Media hora antes, por la mañana, no se ven a los chiquillos ir a sus colegios. Las aceras están vacías y hasta resulta difícil encontrar un lugar donde tomar un café. En un pueblo de Andalucía (y de esto hace ya muchos años) había una hora temprana en la que se olía el fuerte olor del aguardiente, del que tomaban una copa los hombres que iban a trabajar en las labores del campo. Casi no se detenían, el tiempo era escaso para llegar al campo y sólo dedicaban el imprescindible para dejar unas monedas en el estrecho mostrador y achicar, de un trago rápido, aquél líquido fuerte que activaba todo el organismo de forma inmediata. Matar el gusanillo le llamaban a ese trago al que había que estar bien acostumbrado para soportarlo a la vez que gustarlo; porque les aseguro que sabía bien y hacía caminar con los ojos bien abiertos.

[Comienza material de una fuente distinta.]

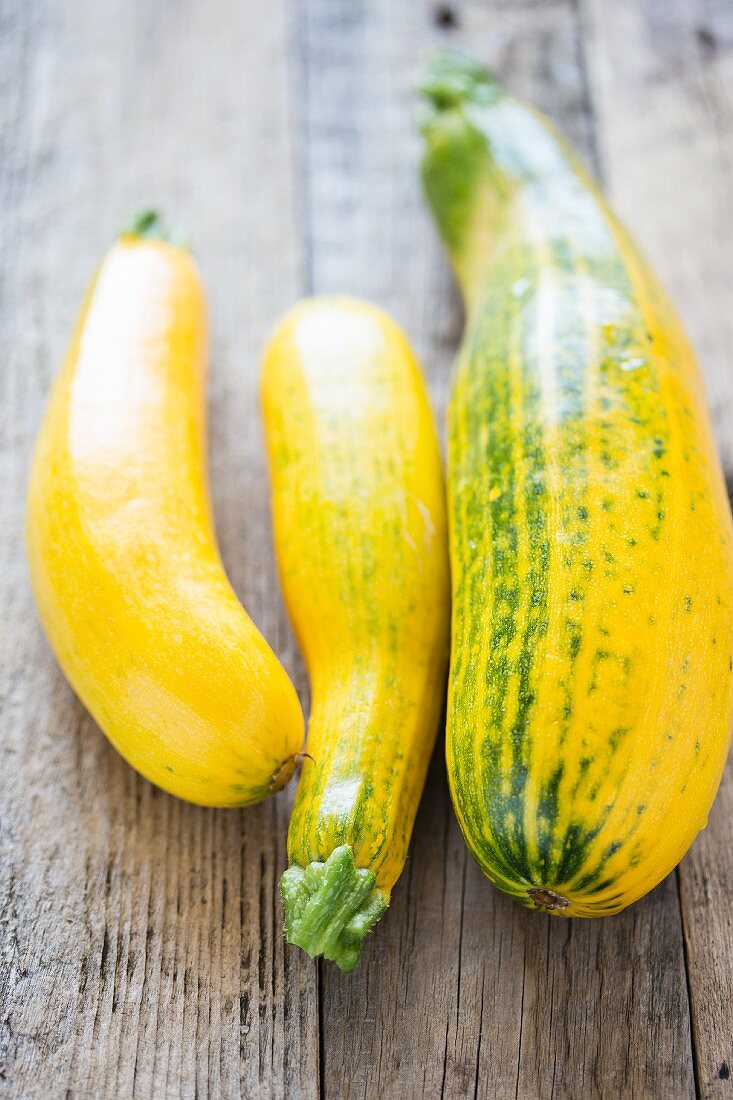 Yellow courgettes on a wooden surface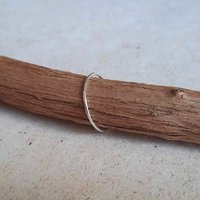Thin band recycled sterling silver minimalist stacker ring, hand forged by The Tiny Tree Frog Jewellery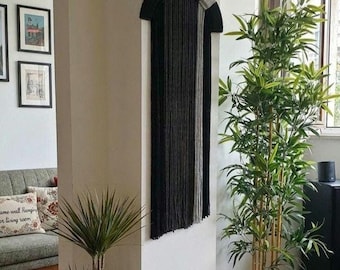 Decorazione da parete in macramè in stile boho, realizzata in fibra di cotone naturale, un arazzo minimalista.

Media hora después aquél lugar del despacho de aguardiente había cambiado totalmente. Era otra gente la que por allí caminaba y otras sus ocupaciones. Quién no hubiera dispuesto de esa media hora para estar en la calle, en aquél lugar, no tendría en su vida esa estampa fuerte de unos grupos de hombres que, antes de amanecer, iban a su trabajo y se despertaban con aquél aguardiente fuerte y oloroso que daba a la calle un aroma vigoroso. Es una estampa de otra época y de un determinado lugar, pero allí donde estés ahora también descubrirás vidas nuevas que atienden exigencias de las que uno no se preocupa y puede que ni siquiera sepa que existan. Media hora que dediques a los demás, precisamente a quienes trabajan antes que tú, te hará más sencillo y serás amigo de mucha más gente que vive más duramente que tú mismo.

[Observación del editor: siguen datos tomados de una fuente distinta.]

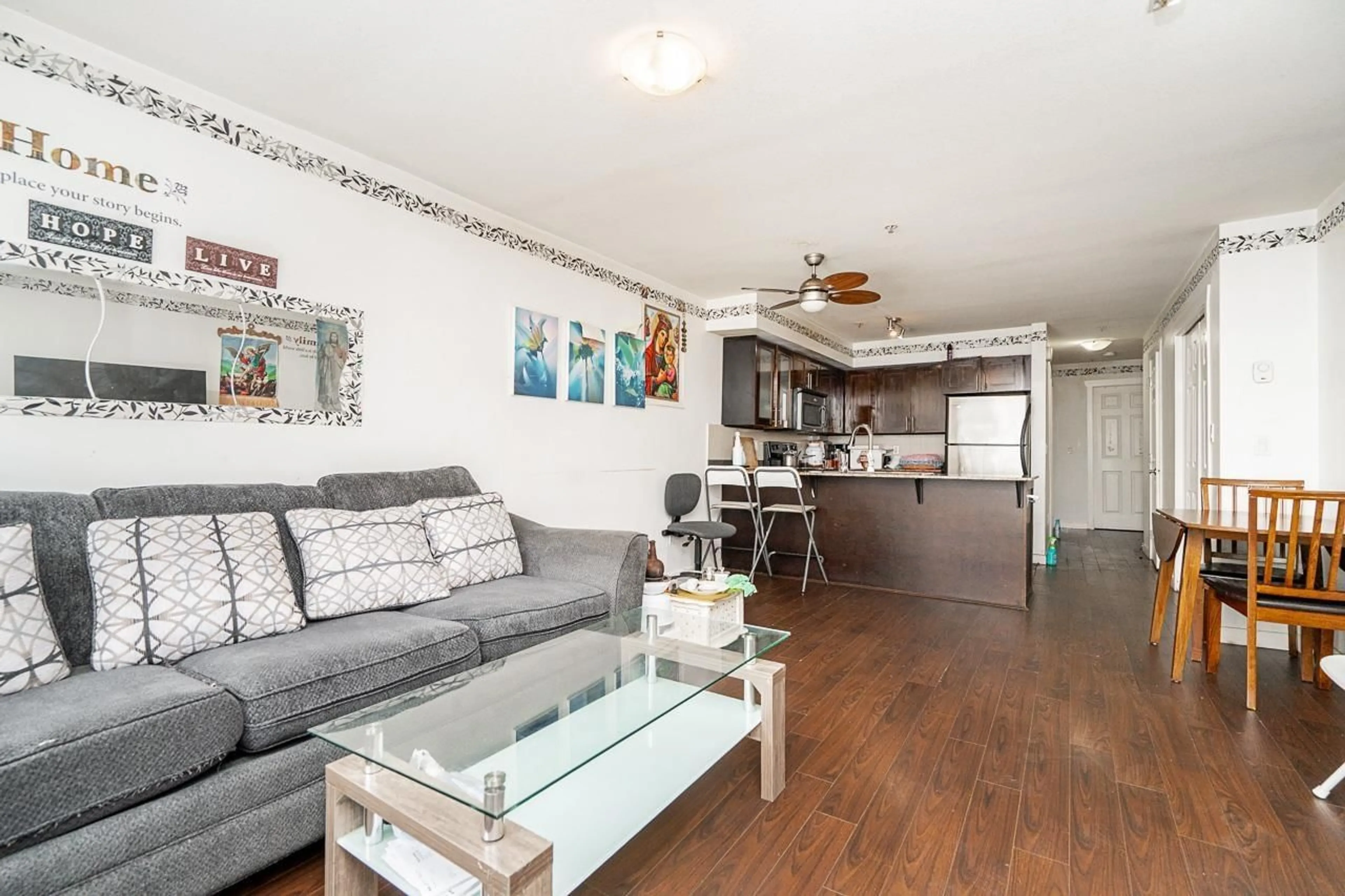 Living room with furniture, wood/laminate floor for 103 - 13958 108 AVENUE, Surrey British Columbia V3T0B4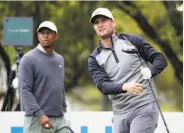  ?? Eric Gay / Associated Press ?? Lucas Bjerregaar­d watches his drive on hole No. 8.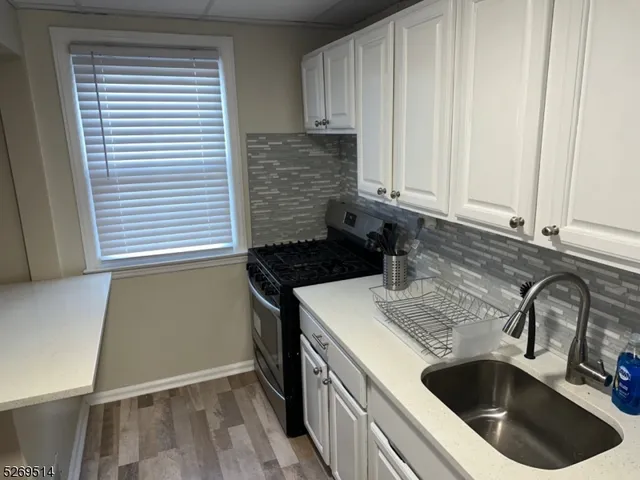 a kitchen with a sink and cabinets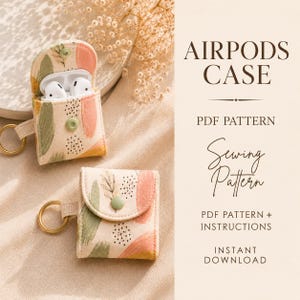 Op de afbeelding: Twee stoffen AirPods-hoesjes met een crèmekleurige achtergrond, abstracte penseelstreken in saliegroen, perzik en geel, geaccentueerd met zwarte stippen en bladmotieven. Elk hoesje heeft een goudkleurige sleutelhanger en een groene drukknoop.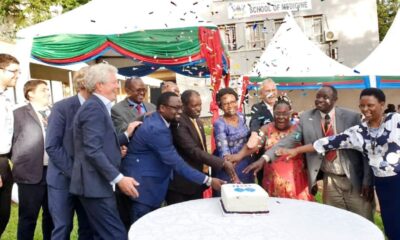 The Minister of Health-Hon. Dr. Jane Ruth Aceng (5th R) assisted by DVCFA-Prof. William Bazeyo (6th R), Director MLI-Dr. Bruce Kirenga (7th R) and other officials cuts cake at the Inauguration on 30th April 2019, Deans Gardens, CHS, Makerere University. Photo credit: Twitter/@JaneRuth_Aceng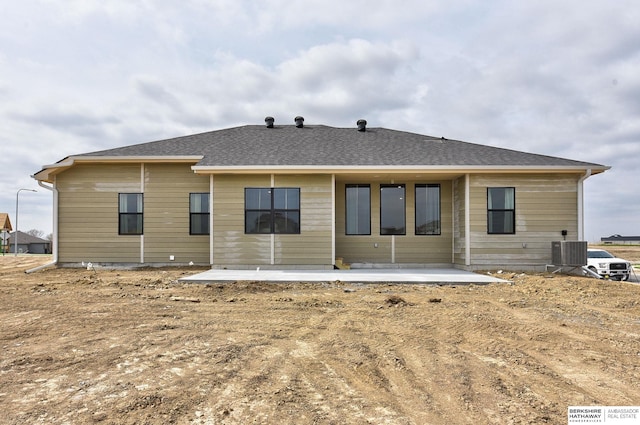 back of property featuring central air condition unit, roof with shingles, and a patio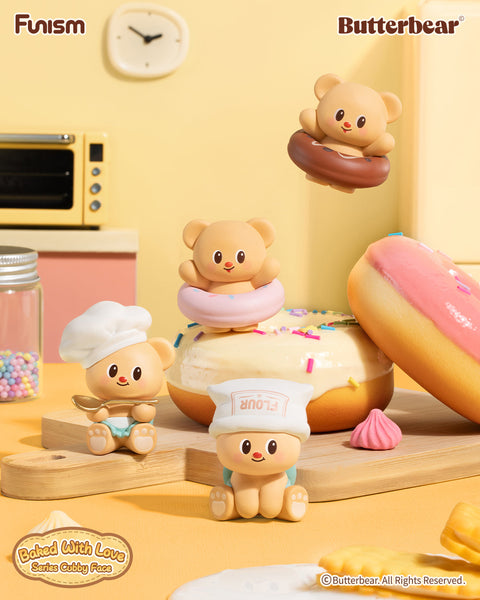 Butterbear figures styled as sweets and bakers from the “Baked With Love” collection. Bears perch inside donuts, balance atop frosting, or wear flour hats and chef caps. Each cub brings a unique personality, from Chocolate Cheer to Strawberry Surprise, with hidden chaser editions adding mystery and delight.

Es verdad que, a lo largo de la vida, uno va cambiando por la educación que recibe y por las exigencias de sus compromisos laborales, familiares y de otra índole; está más hecho, más preparado para muchas cosas y especialmente para aquellas que se derivan de su ocupación directa. Pero, aún así, viene muy bien vivir media hora antes de lo usual, para descubrir algo que siempre nos falta: la forma de vida de otras personas, las exigencias que deben atender, los sacrificios que han de hacer para hacer bien lo que tienen encomendado. No sé si podrán encontrar, en algún lugar, algo parecido a lo que en mi juventud me llamó tanto la atención: el fuerte olor del aguardiente que no servía para emborracharse sino para despertarse. ¡Cuánta gente trabaja mientras uno se despereza en la cama!
Tu vida misma cambiará si empiezas a vivirla media hora antes. Todo es distinto en esa media hora; el silencio en tu casa, tus pensamientos de agradecimiento porque vives y tienes en qué ocuparte. Si te asomas a la ventana verás cosas y personas distintas que ya trabajan aunque sea llevando a sus niños a la guardería. La calle es distinta y tú también serás distinto; más sensible hacia los demás.